Bakterilerle savaşıp çoğalmalarını engeller
Adaçayı rosmarik, karnosik ve kafeik asit gibi doğal bileşikler içermesi sayesinde güçlü antioksidan ve antibakteriyel etki göstermektedir. Antioksidan etkisi ile vücutta gerçekleşen metabolik aktiviteler sonucu oluşan ve hücre hasarına yol açan serbest radikaller ile savaşarak, bağışıklık sistemini güçlendirmektedir. İçeriğindeki terpen ve terpenoid adı verilen uçucu bileşenler sayesinde ise pek çok bakteri ile savaşırken, birçok ilaca karşı direnç gösteren bakterilerin de çoğalmasını önlemektedir.
Boğaz ağrısı ve yutkunma güçlüğünü yatıştırır
Anti-inflamatuar etkiye sahip olan adaçayı ile ekinezya, geniz akıntısıyla seyreden boğaz ağrısına ve akut farenjite iyi gelmektedir. Ayrıca beyaz adaçayı yaprağının, boğaz ağrısının şiddetlendiği ve yutkunmanın güçleştiği durumlarda rahatlatıcı özelliği bulunmaktadır. Ayrıca bu bitkiler sadece balgam söktürücü olarak değil, vücutta toksin atıcı faaliyet de göstermektedir.
Bronşite iyi geliyor
Adaçayı ve ekinezyayı birlikte kullanmak, soğuk algınlığı ve boğaz ağrısında daha etkili olmaktadır. Üst solunum yolu enfeksiyonları ve bronşitte iyileştirme etkisi olan ekinezya, aynı zamanda bağışıklık sistemini de harekete geçirmektedir.
Ağız yaraları için gargara yapılabilir
Ekinezya ve adaçayı içeren boğaz spreylerinin klorheksidin ve lidokain içeren spreyler kadar etkili olduğu da bilinmektedir. Günümüzde pek çok ülkede ekinezya ve adaçayı içeren preperat, şurup ve spreyler sıklıkla kullanılmaktadır. Boğaz ağrısı veya ağız yaraları için adaçayı ve ekinezya ile gargara da yapılabilmektedir.
Tüketirken dikkatli olunmalı!
Adaçayı ve ekinezyanın kullanımı konusunda şu noktalara dikkat edilmelidir:
- Adaçayı ve ekinezya çayının gün içerisindeki toplam tüketimi iki kupayı geçmemelidir.
- Sıcak çaya eklenen balda “Hidroksimetil furfural” adı verilen zararlı bir bileşik oluştuğu için özellikle boğaz ağrısını gidermek amacıyla adaçayı ve ekinezya bal ile birlikte tüketilmemelidir.
- Adaçayı, kasılmalara ve sütün azalmasına sebep olduğu için hamileler ve emziren kadınlar tarafından kullanılmamalıdır.

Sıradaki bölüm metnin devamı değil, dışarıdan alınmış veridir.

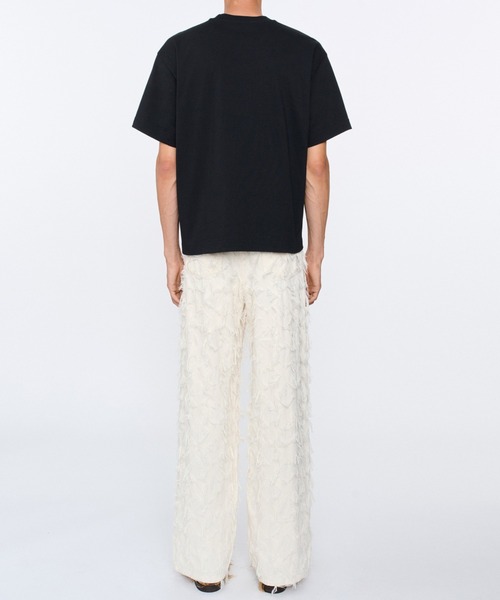Sefr（セファ） tシャツ Sefr ATELIER TEE (SF-25SSM-041) メンズ 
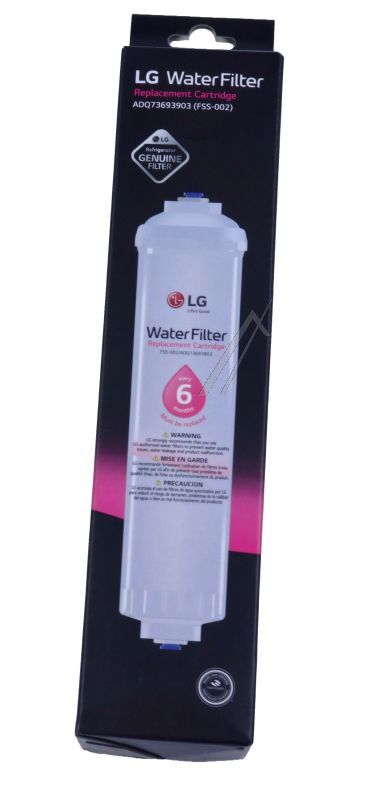 ADQ73693903 FILTER VODE LG FRIŽIDERA ZAMRZIVAČ 23×5,1 CM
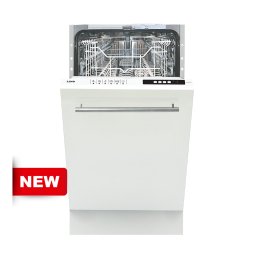 Lino DL2 45P610 V Съдомиялна машина за вграждане 45 см.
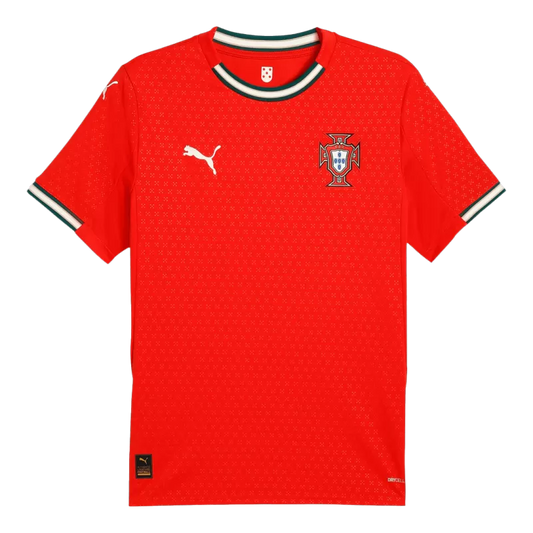 MAILLOT PORTUGAL 25/26 DOMICILE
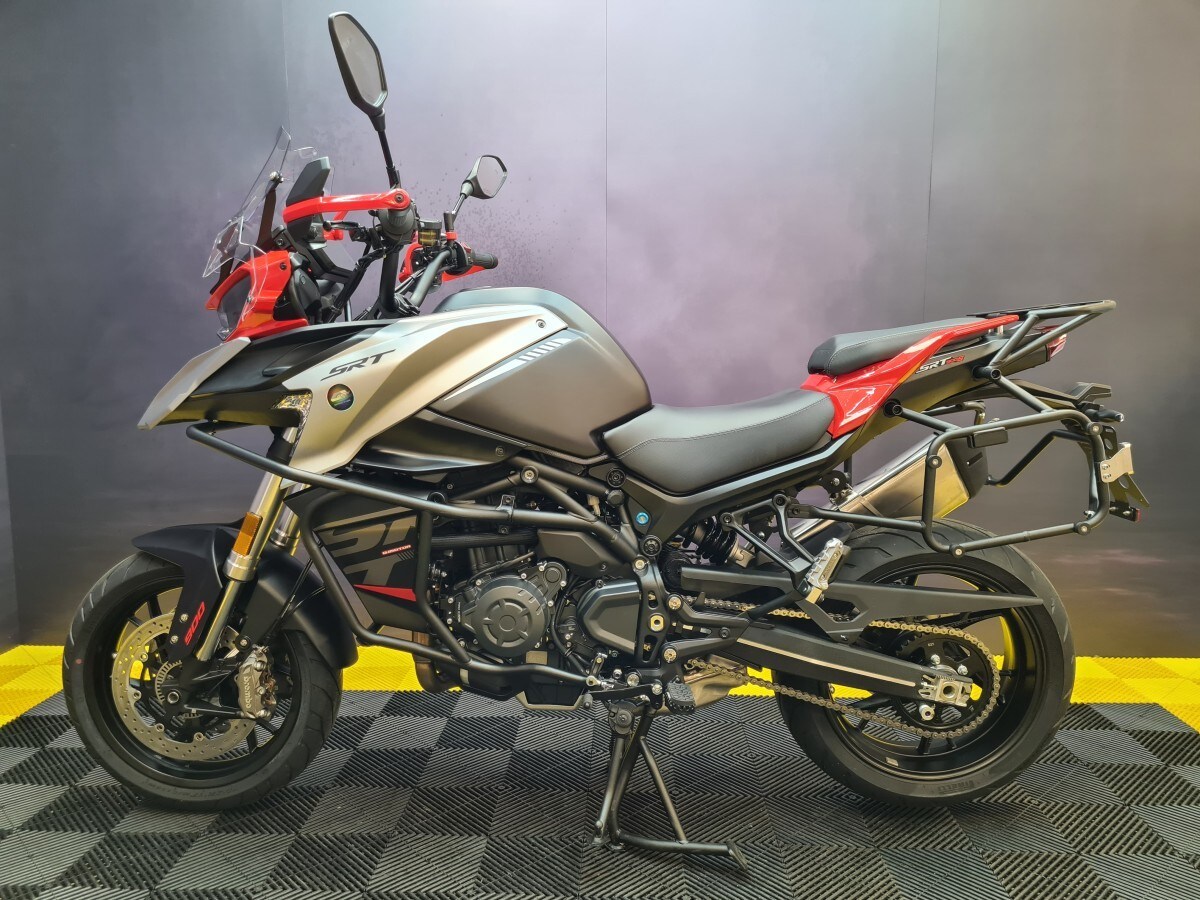 Used QJMOTOR SRT 900 S for sale - 78395978: Photo 3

- Her iki bitçi çayı da Antidiyabetik, insülin, kan sulandırıcı, immün sistem baskılayıcı, antikonvulsan ve antidepresan ilaçlarla birlikte tüketilmemelidir.
- Pek çok bitki çayı gibi ekinezya ve adaçayı da güvenli kaynaklardan temin edilmelidir. Açıkta satılan bitki çaylarına farklı türde bitkiler karışabilirken; toz, tarım ilacı, ağır metal gibi maddeler de içerebilir. Özellikle aflatoksin adı verilen ve açıkta satılan çaylarda oluşabilen zehirli bileşik, karaciğer kanseri oluşumuna neden olabilmektedir.